日本語では不快感を表す舌打ちと同じ音がフランス語では談話構成や聞き手目当てな「働きかけの機能」を持つことを明らかにする。また日本人フランス語学習者とフランス語話者間でコミュニケーション上の誤解が生じる原因も検討する。
【「序」より】
Patterson & 大坊(2013)によると,それぞれの文化の中には,出来事や行動に関して共有されている暗黙の意味があり,それがスムーズなコミュニケーションの実現に役立っているという。しかし,文化に違いがある場合,共有される意味の少なさから,意思疎通がうまくいかず,誤解が生じることがあり,中でも,自動的になされる非言語コミュニケーションには,大きな認知努力が必要だと述べている。

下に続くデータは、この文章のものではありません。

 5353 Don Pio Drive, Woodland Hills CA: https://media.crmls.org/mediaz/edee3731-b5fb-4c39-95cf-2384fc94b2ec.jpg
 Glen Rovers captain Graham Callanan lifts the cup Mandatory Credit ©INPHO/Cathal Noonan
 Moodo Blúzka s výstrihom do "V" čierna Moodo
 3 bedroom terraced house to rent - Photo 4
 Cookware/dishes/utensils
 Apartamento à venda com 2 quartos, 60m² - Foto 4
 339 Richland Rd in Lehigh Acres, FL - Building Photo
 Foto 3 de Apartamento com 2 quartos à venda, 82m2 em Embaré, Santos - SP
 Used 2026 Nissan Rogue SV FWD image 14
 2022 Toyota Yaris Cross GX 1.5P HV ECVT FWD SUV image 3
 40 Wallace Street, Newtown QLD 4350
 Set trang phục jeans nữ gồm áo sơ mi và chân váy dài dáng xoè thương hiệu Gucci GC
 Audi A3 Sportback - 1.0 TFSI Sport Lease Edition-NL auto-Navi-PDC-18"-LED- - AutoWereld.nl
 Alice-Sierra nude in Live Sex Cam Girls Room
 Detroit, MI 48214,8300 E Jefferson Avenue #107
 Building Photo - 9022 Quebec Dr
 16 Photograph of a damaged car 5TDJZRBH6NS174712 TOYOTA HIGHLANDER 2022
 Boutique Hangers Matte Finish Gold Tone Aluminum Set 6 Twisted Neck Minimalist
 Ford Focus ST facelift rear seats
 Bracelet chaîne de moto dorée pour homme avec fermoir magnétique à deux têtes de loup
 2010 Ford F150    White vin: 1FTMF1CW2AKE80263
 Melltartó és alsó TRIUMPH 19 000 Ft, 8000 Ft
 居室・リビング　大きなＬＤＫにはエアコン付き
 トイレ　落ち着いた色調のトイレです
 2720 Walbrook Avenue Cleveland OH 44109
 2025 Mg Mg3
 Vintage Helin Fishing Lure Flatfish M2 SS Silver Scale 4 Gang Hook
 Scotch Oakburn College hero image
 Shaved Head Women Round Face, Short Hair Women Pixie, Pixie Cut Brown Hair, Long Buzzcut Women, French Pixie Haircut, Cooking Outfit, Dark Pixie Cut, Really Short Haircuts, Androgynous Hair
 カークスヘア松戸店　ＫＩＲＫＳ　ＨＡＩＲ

近年,観光やビジネスでフランスを訪れる日本人旅行者および在フランス日本人数は増加傾向にある。同時に,日本を訪れるフランス人旅行者ならびに留学生数も増加しており,異なる母語,文化を持った者同士がコミュニケーションをする機会も以前より増えている。そのような中で,あまり知られてはいないが,フランス語母語話者の「舌打ち音」が誤解やトラブルの原因となっている。ここでいう舌打ち音とは,日本社会で「舌打ち」と言われ認識されている音のことであるが,一般的に日本人が持つ舌打ちのイメージは「いらだちなどのネガティブな感情を表出する悪癖」である。子どもの頃から舌打ちは「行儀が悪い」,「相手を嫌な気持ちにさせる」ものであると言われて育った日本人は少なくなかろう。
(中略)
しかしながら,フランス語母語話者が談話において発するこれらの舌打ち音は,日本社会で一般的にイメージされる相手に対するいらだちの感情の表出としての「舌打ち」ではなく,それとは異なった用法,機能があるというのが本研究における筆者の主張である。これまで単なる個人の悪癖や雑音としか捉えられてこなかったからか,ほとんど研究されていないが,フランス語の舌打ち音を言語学的観点から検証し,明確に記述することで,今後の日本人とフランス語母語話者間の良好な人間関係の構築に寄与できればと思っている。